Member of the Gilgit Baltistan Assembly
- In office 25 November 2020 – 24 November 2025
- Succeeded by: Muhammad Dilpazir
- Constituency: GBA-15 Diamer-I
- In office 24 June 2015 – 23 June 2020
- Preceded by: Bashir Ahmad
- Constituency: GBA-15 Diamer-I

Leader of the Opposition of the Gilgit Baltistan Assembly
- In office 2 July 2015 – 14 November 2017
- Preceded by: Bashir Ahmad
- Succeeded by: Muhammad Shafi

Personal details
- Party: IPP (2026-present)
- Other political affiliations: PTI (2020-2025) JUI(F) (2015-2020) MQM (2009-2015)

= Shah Baig =

Pakistani politician from Gilgit-Baltistan

Shah Baig is a Pakistani politician who had been a member of the Gilgit Baltistan Assembly from November 2020 to November 2025 and from June 2015 to June 2020. He had also been the Leader of the Opposition in the Gilgit Baltistan Assembly from July 2015 to November 2017.

==Political career==
Baig contested the 2009 Gilgit-Baltistan Assembly election from GBA-15 Diamer-I as a candidate of Muttahida Qaumi Movement (MQM), but was unsuccessful. He received 1,753 votes and was defeated by Basheer Ahmed Khan, a candidate of Pakistan Muslim League (Q) (PML(Q)).

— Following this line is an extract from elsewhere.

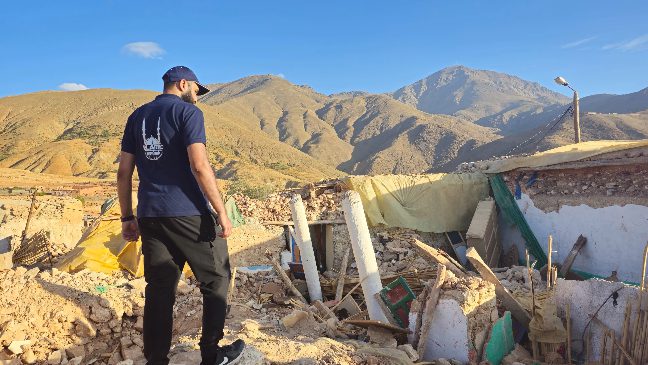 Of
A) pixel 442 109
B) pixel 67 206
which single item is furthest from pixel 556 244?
pixel 442 109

Baig was elected to the Gilgit-Baltistan Assembly from GBA-15 Diamer-I as a candidate of Jamiat Ulema-e-Islam (F) (JUI(F)) in the 2015 Gilgit-Baltistan Assembly election. He received 3,713 votes and defeated Fidaullah, a candidate of Pakistan People's Party (PPP).

He contested the 2020 Gilgit-Baltistan Assembly election on 15 November 2020 from GBA-15 (Diamer-I) as an Independent candidate. He won the election by the margin of 168 votes over the Independent runner up Muhammad Dilpazir. He garnered 2,685 votes while Dilpazir received 2,517 votes. After winning the election, Baig joined Pakistan Tehreek-e-Insaf.

His party membership was terminated on 8 September 2025.

He joined Istehkam-e-Pakistan Party (IPP) on 11 February 2026.

He contested the 2026 Gilgit-Baltistan Assembly election from GBA-15 Diamer-I as a candidate of IPP, but was unsuccessful. He received 3,384 votes, placing fifth, and was defeated by Muhammad Dilpazir, an independent candidate.